Но конечно же, в реальности деньги являются отнюдь не только инструментом: деньги – это почет, они однозначно указывают на лихоимства и преступления, позволившие их нажить (Сен-Фон, Минский, Нуарсей, четверо откупщиков из «120 дней», сама Жюльетта). Деньги удостоверяют порочность и поддерживают наслаждение: поддерживают не тем, что обмениваются на удовольствия (у Сада «удовольствия» никогда не присутствуют «ради удовольствия»), а тем, что обеспечивают лицезрение нищеты.

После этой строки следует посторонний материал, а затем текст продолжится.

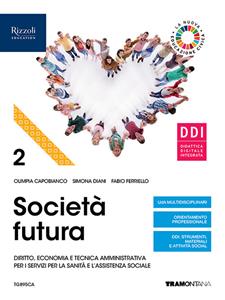 Copertina di Societa' Futura - Libro Digitale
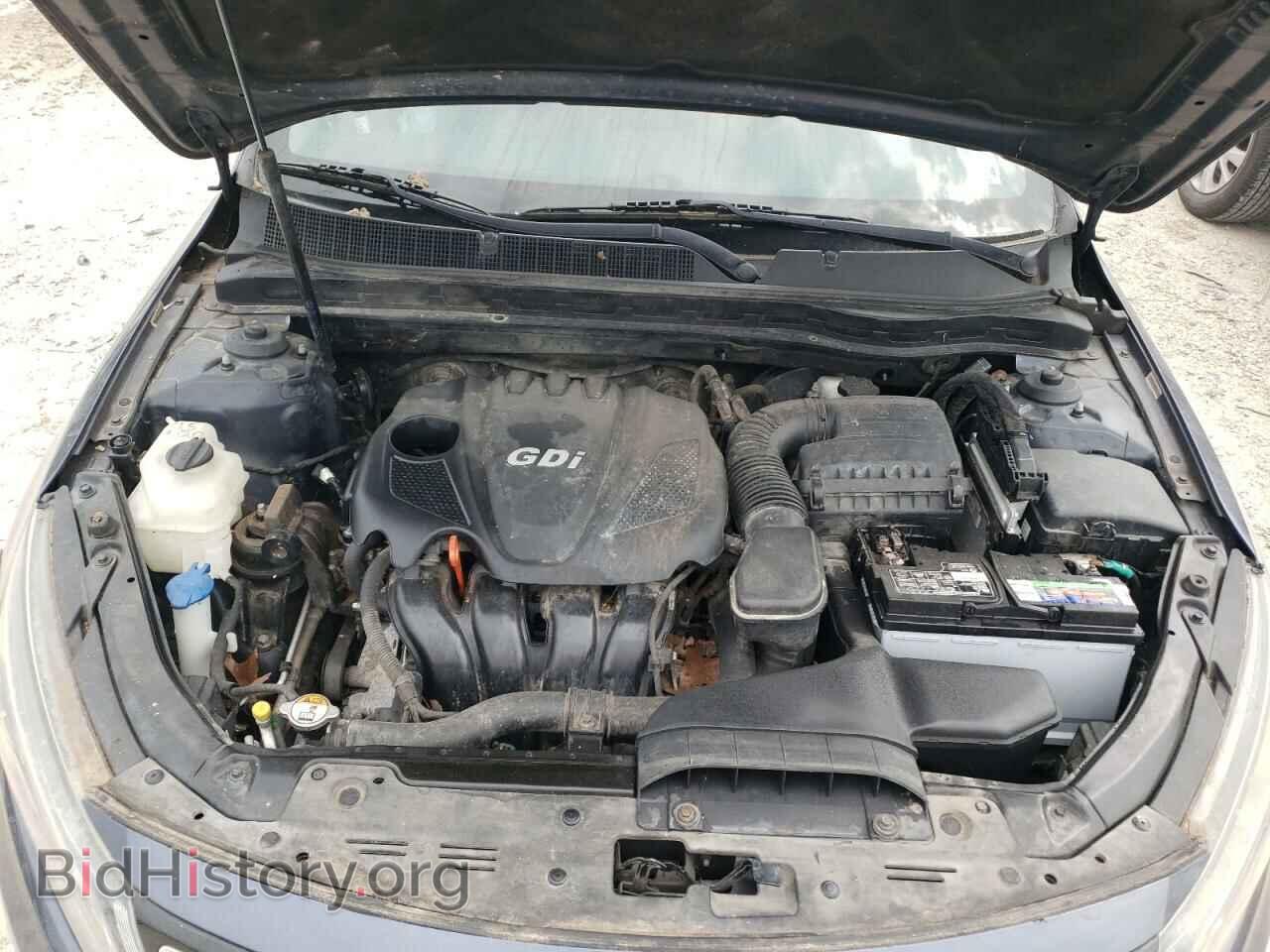 2015 KIA OPTIMA - VIN: 5XXGN4A77FG370839 - Фото 7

Садическое общество не цинично, оно жестоко; оно не говорит: «должны быть бедные, чтобы были богатые»; оно говорит наоборот: «должны быть богатые, чтобы были бедные»; богатство необходимо потому, что оно превращает бедственность в объект созерцания. Когда Жюльетта, по примеру Клервиль, запирается, чтобы насмотреться на свое золото и доходит в ликовании до экстаза, она видит перед собой не сумму возможных удовольствий, а сумму совершенных преступлений, всеобщую нищету, позитивным отражением которой является ее золото (сколько в одном месте прибавится, столько в другом месте убавится); иначе говоря, деньги обозначают не то, что на них приобретается (они не составляют ценность), а то, что ими отнимается (они образуют место разделения).